Considering git-squash is a package with exactly one file, building a wheel should be very straight forward and fast. Almost doubling the time is very surprising.

The results were so alarming that I ended up filing a GitHub issue against pip. It turns out I am not the first person to observe that PEP 518 style builds with pip are a lot slower than the world before.

It’s really concerning because using a pyproject.toml file is the future of Python packaging and allows the ecosystem to move beyond setuptools as the default ‘backend’ for building wheels and pip as the default ‘frontend’ for invoking setuptools. Further this behaviour will become default for all builds eventually, so even removing a pyproject.toml file from the root will have no effect in the future.

The rest of this post will dive into some background, why pip is slower and what can be done to speed up pip without giving up the benefits of pyproject.toml.

Background

pip and setuptools are the de-facto Python tools for packaging. pip implements dependency resolution and can fetch wheels from PyPI or build wheels from source locally. The latter step has a hard dependency on setuptools.

While pip and setuptools can be improved, alternatives to both have emerged. Dependency resolution can be done with pipenv and poetry, while wheels can be built with flit or enscons. As the ecosystem is growing, PEP 517 and PEP 518 dictate how these tools can interoperate.

Primarily these PEPs allow a package to have a pyproject.toml file which lists what packages are needed to build them. For example a pyproject.toml file with:

[build-system]
requires = ["flit > 3"]

indicates that the package needs at least version 3 of flit to build a wheel.

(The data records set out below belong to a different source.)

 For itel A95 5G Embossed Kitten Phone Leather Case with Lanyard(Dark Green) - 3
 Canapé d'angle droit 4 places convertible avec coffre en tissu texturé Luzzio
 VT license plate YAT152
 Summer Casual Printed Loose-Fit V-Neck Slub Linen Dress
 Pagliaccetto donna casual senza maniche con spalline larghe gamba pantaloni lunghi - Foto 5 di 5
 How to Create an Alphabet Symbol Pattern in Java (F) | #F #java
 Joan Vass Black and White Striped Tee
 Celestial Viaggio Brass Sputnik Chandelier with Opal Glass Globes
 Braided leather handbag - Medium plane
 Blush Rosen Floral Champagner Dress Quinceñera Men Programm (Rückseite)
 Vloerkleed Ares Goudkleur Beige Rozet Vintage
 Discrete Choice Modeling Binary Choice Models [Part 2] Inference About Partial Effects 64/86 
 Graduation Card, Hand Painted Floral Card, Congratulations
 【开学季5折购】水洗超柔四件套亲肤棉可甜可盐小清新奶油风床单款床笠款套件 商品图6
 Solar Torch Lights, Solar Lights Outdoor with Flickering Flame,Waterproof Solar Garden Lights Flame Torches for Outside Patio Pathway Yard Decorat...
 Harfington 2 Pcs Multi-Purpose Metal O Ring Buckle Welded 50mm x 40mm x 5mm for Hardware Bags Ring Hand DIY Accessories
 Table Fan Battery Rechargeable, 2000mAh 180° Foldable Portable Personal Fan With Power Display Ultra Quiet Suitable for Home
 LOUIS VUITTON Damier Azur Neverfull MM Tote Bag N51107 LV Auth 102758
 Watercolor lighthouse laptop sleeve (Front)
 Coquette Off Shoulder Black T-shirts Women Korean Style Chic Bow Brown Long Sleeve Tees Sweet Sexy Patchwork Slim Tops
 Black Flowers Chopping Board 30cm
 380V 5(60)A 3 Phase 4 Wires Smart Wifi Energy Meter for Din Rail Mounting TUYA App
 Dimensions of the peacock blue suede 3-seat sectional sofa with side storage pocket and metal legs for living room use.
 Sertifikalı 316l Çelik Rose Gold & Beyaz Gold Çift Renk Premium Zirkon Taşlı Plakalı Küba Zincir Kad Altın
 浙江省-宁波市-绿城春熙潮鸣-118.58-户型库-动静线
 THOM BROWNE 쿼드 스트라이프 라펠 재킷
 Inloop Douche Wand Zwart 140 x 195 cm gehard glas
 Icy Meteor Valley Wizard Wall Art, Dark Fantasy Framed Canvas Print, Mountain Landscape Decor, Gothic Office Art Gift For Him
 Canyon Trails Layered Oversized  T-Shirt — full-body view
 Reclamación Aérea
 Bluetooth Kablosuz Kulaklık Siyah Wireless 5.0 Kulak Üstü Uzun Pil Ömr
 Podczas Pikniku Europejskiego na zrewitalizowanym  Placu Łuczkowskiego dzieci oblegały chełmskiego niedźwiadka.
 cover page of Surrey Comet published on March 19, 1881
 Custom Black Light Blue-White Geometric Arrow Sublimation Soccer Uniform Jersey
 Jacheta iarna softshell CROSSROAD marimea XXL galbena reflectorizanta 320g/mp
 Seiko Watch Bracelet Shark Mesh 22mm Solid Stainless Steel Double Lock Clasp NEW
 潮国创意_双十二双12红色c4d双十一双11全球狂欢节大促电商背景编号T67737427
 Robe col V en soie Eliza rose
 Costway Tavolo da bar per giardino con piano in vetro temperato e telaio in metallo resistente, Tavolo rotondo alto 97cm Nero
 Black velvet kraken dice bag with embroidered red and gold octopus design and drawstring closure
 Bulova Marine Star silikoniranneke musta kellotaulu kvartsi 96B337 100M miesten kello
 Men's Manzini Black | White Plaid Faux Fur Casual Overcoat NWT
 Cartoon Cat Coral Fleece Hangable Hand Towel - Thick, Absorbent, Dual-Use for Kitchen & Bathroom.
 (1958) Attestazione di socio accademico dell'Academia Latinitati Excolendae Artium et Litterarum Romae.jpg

This simple declarative method allows for packages to be built by their preferred mechanism of building wheels by any number of tools. This is a good thing and will allow for competitor to pip and setuptools to flourish, hopefully improving the entire ecosystem.

What is pip Doing?

With the above in mind we can take a look at what pip is doing. Prior to the invention of pyproject.toml, pip assumed that every package had to be built with setuptools and packages had no way of indicating which version of setuptools. This means that the user had to install some version of pip and setuptools adjacent to each other, and then ask pip to build a wheel. pip would use whatever version of setuptools was available and that was the best we had.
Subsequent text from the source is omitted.